Drew Eubanks played an important role for the Portland Trail Blazers this season. He was a key bench contributor behind Jusuf Nurkic for most of the year, then was given the starting spot after Nurkic’s season ended early. Throughout it all, Eubanks proved why he fits perfectly into the archetype of a consistently good backup center.
Per Game Stats:
— 20.3 minutes per game
— 6.6 points per game
— 5.4 rebounds per game
— 1.3 assists per game
— 1.3 blocks per game
— 0.5 steals per game
— 64.1 percent from the field
— 38.9 percent from three (on 0.2 attempts per game)
— 66.4 percent free throw percentage
— 5.70 block percentage (7th in NBA)
— 15.2 rebound percentage
— 3.3 screen assists per game
Coming off the Bench
Eubanks is just about as close as you can get to being the quintessential backup center.
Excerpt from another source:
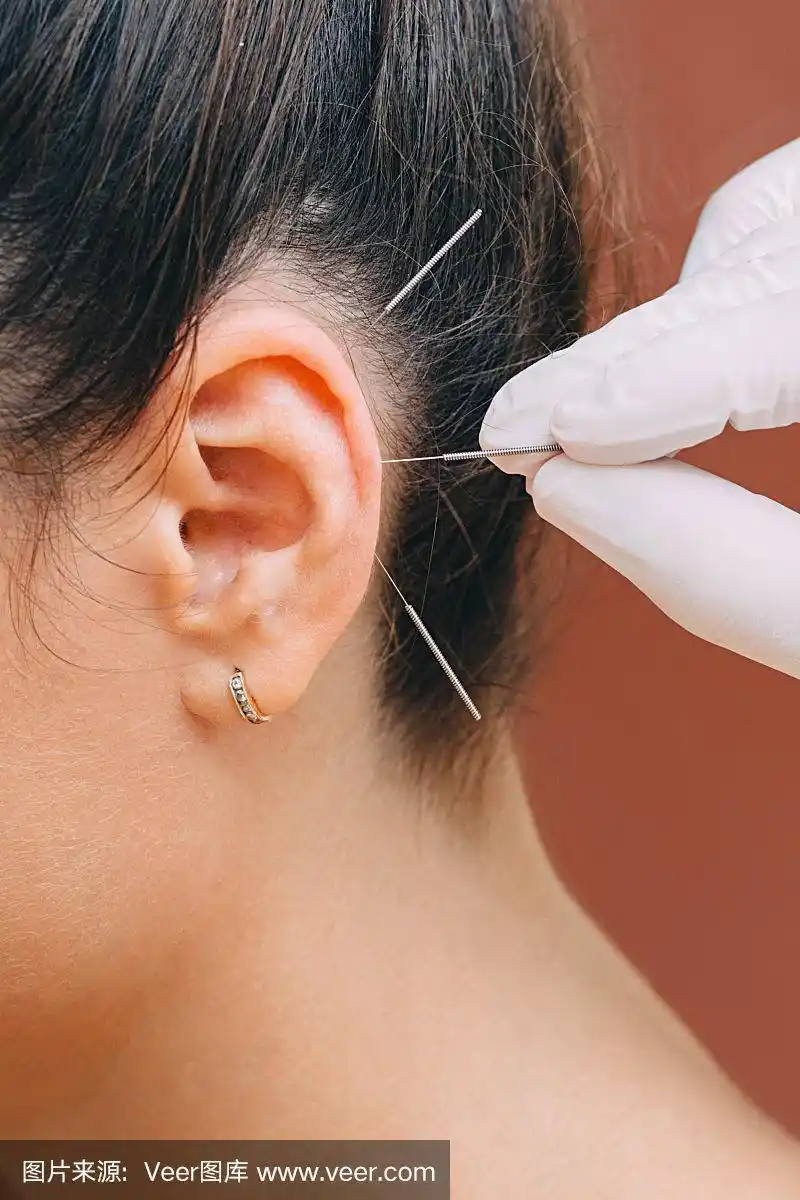 耳针治疗多种疾病.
He provided solid, rebounding and interior defensive play when Jusuf Nurkic needed a break.
On the offensive side of the ball his screen-setting and interior presence allow him to be a good fit alongside Damian Lillard and Anfernee Simons. Eubanks averaged 3.3 screen assists per game this season, making him a potent threat in the pick-and-roll. He rolls hard off of screens and becomes a threat to dunk.
Late Season Starter
Eubanks saw increased minutes as the Blazers’ season wound to a close. He proved to be a rebounding threat and great defender around the rim. He showed that he can contribute as a starter when called upon. He was a key piece for the late season Blazers roster and helped players like Shaedon Sharpe and Skylar Mays find easy opportunities on the offensive end due to his screens.
He also took some defensive pressure off of the younger players in the rotation over that stretch. His shot-blocking as the last line of defense allowed for more mistakes at the point of attack. Perimeter defenders were able to funnel the players they were defending into the paint, only to be met with the shot-blocking force that is Drew Eubanks.
His contract proved to be very team friendly after he signed a one-year extension with the Blazers last offseason. With his free agency looming, he showed exactly why teams should sign him to a contract for next season.
His late season play may have earned him a look from other teams now that his contract is up. On the other hand, the Blazers are probably going to be much more incentivized to keep him for the same reasons. His play backing up Nurkic was valuable for the Blazers this season, and they would likely be glad to bring him back on a similarly team friendly deal if the opportunity presents itself.
Eubanks proved that he can get decent minutes as a backup on a team hoping to win games. He is a high-energy player that can swing the flow of the game with a couple momentum shifting plays whenever he gets on the floor. From powerful dunks, to swatting shots away from the basket, Eubanks is someone that can get the Moda Center crowd on their feet.
His play as a starter also showed that he can fill the gaps left by injuries almost seamlessly. Overall, he had as good of a season as could have been expected for a 33-win Blazers team.